Farzad Kamangar, enseignant et syndicaliste kurde, est un des prisonniers politiques kurdes menacé d’exécution. Il a été condamné à mort pour « morabeh » (ennemi de Dieu) en février 2008.
Laissez battre mon cœur,
Je suis emprisonné depuis de nombreux mois ; une prison qui était supposée me prendre et détruire ma détermination, mon amour et mon humanité. Une prison qui était supposée me pacifier et faire de moi un « mouton docile » ; depuis des mois je suis dans une prison avec de grands murs, aussi hauts que l’Histoire. Des hauts murs qui étaient supposés me séparer du peuple que j’aime ; un espace permanent entre moi et les enfants de ma patrie ; et cependant, je regarde chaque jour à travers la fenêtre de ma cellule et me voit avec eux et semblables à eux et ils voient leurs souffrances en me voyant comme prisonnier ; aussi la prison nous a lié encore plus profondément qu’avant. Il était prévu que l’obscurité de la prison emmène au loin la signification et l’importance de la luminosité et de la clarté, mais en prison j’ai été témoin du développement de la violette dans l’obscurité.
Il était prévu que j’oublierai le sens du temps et sa valeur ; mais j’ai vécu hors de la prison à chaque moment et je suis rené à nouveau pour choisir un nouveau chemin.
Et, comme les prisonniers avant moi, j’ai supporté aussi les insultes, les agressions, et les mauvais traitements avec l’espoir que je serais le dernier à souffrir de l’obscurité de la prison.
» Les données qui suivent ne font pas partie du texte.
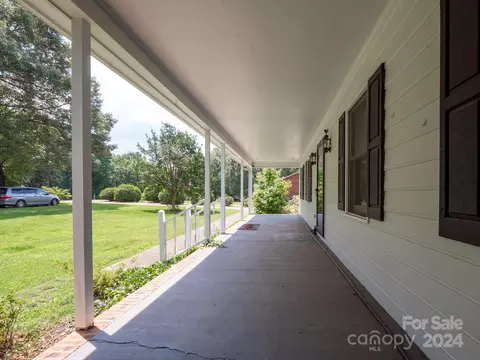 Exterior - 1320 Crown Forest Ln, Monroe, NC 28112 photo 4 of 10
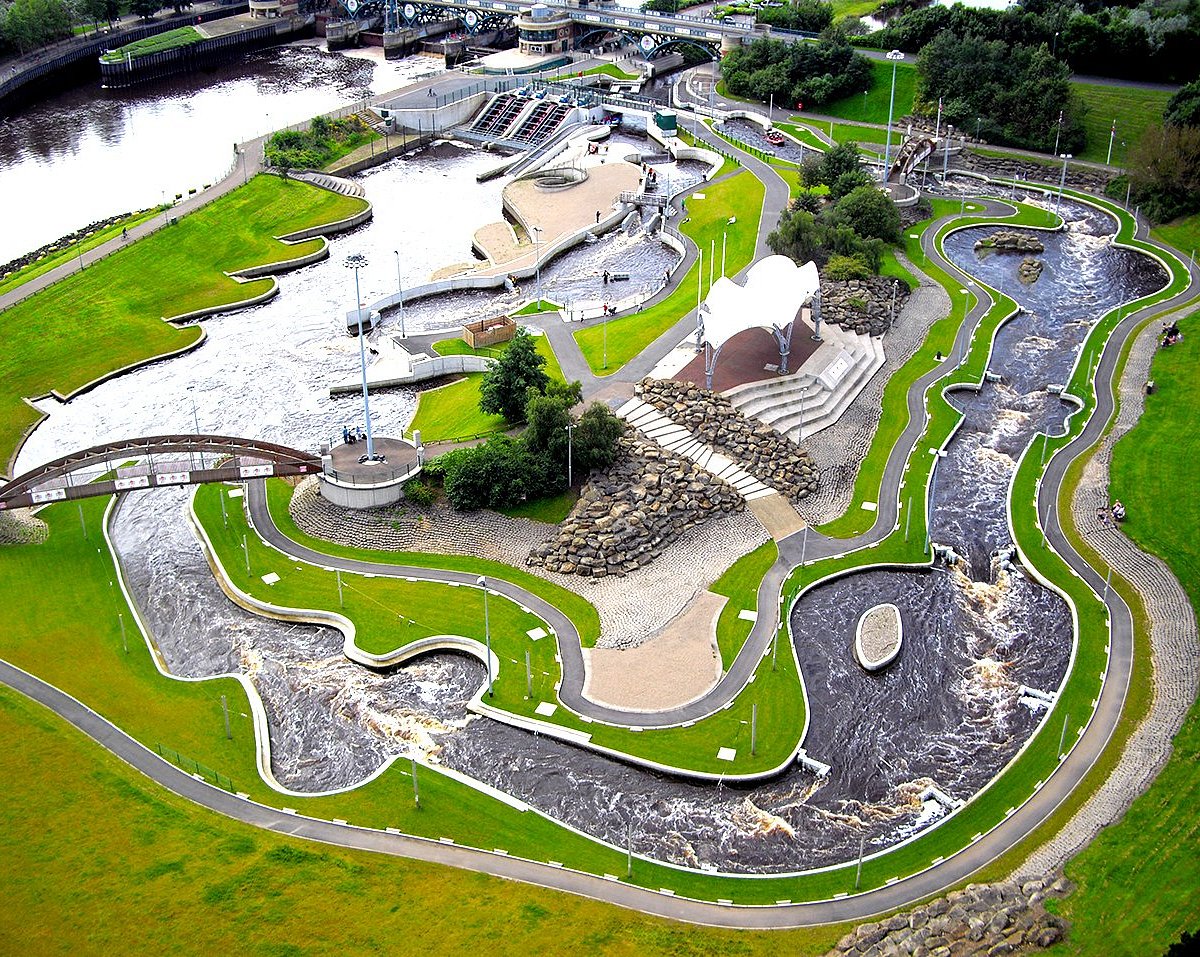 Central waters. Барраж в ландшафтном дизайне. Aquatics Centre Париж. Cardiff International White Water. Whitewater Center Park где находится.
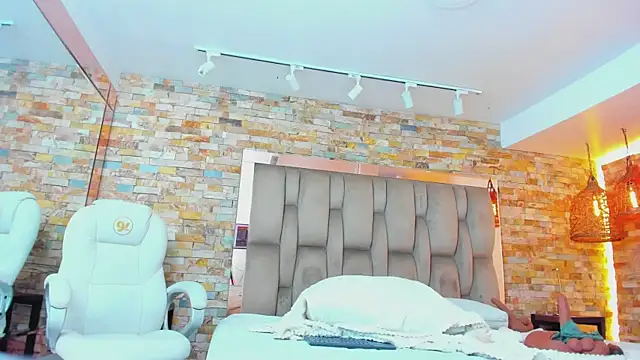 karla_dunn's cam snapshot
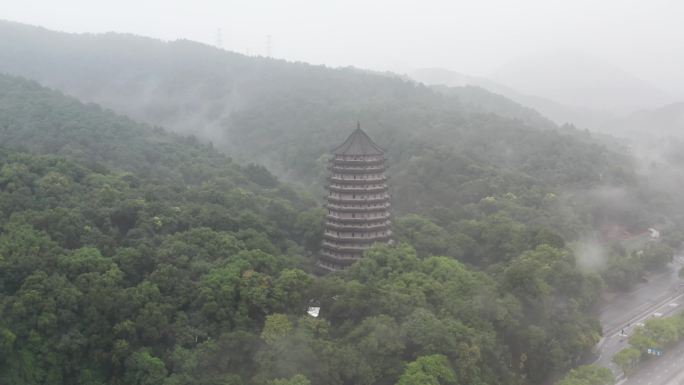 浙江杭州西湖钱塘江六和塔清晨晨雾航拍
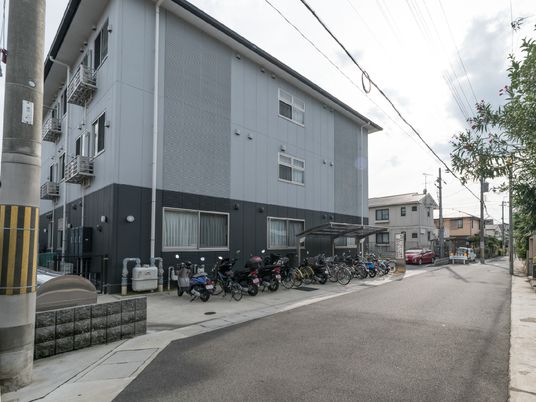 灰色の建物の外観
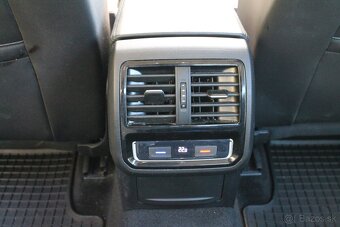 Volkswagen Passat 2.0 TDI Elegance DSG - 18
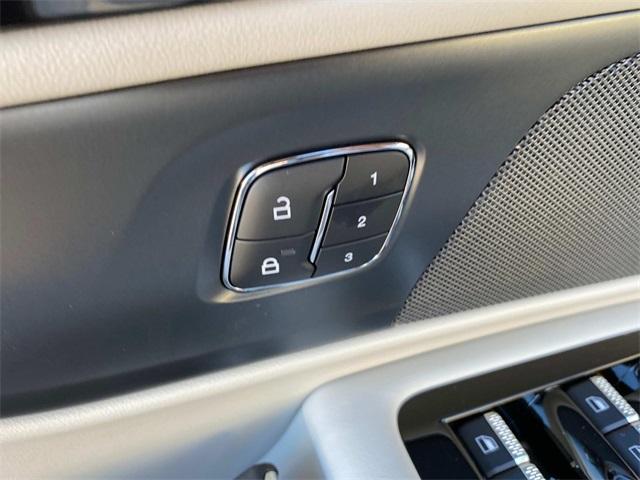 new 2026 Lincoln Nautilus car, priced at $53,794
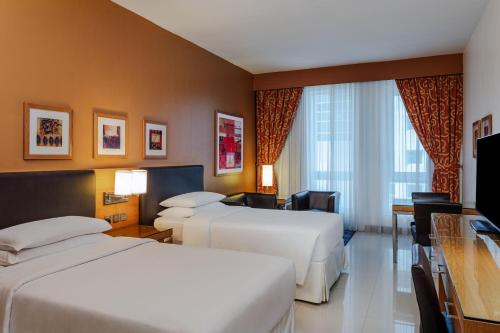 Classic Twin Room with complimentary shuttle service to Dubai Mall & Kite Beach del hotel Four Points by Sheraton Bur Dubai. Foto 2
Mais un jour, ils m’ont appelé « combattant », suggérant que j’aurais mené une guerre contre leur « dieu », pour me faire porter la corde de la justice et mettre fin à ma vie à l’aube. Depuis, j’attends l’application de l’ordre de ma mort. Pourtant, maintenant qu’ils veulent me prendre ma vie, pour mon amour du genre humain, j’ai décidé de donner mon corps à des malades qui pourraient en profiter après ma mort. Je voudrais aussi donner mon cœur, qui est plein d’amour et d’affection, à un enfant. Qu’importe d’où vienne cet enfant, qu’il vienne des bords de la rivière Karoon, des pieds des montagnes Sabalan, du désert de l’Est ou des montagnes Zagros. Le plus important est que mon coeur inquiet et rebelle batte dans la poitrine d’un enfant qui, encore plus révolté que moi, partage les désirs de son enfance avec la lune et les étoiles pendant la nuit et les prennent pour témoins qu’il ou elle ne trahira pas ses rêves d’enfant une fois adulte. Je souhaite que mon coeur batte dans la poitrine de quelqu’un qui est inquiet pour les enfants qui dorment avec la faim pendant la nuit ; de quelqu’un qui célèbre la mémoire d’Haamed, un élève de seize ans de ma ville, qui a écrit « même mes plus petits rêves dans cette vie ne peuvent être atteints » avant de se pendre.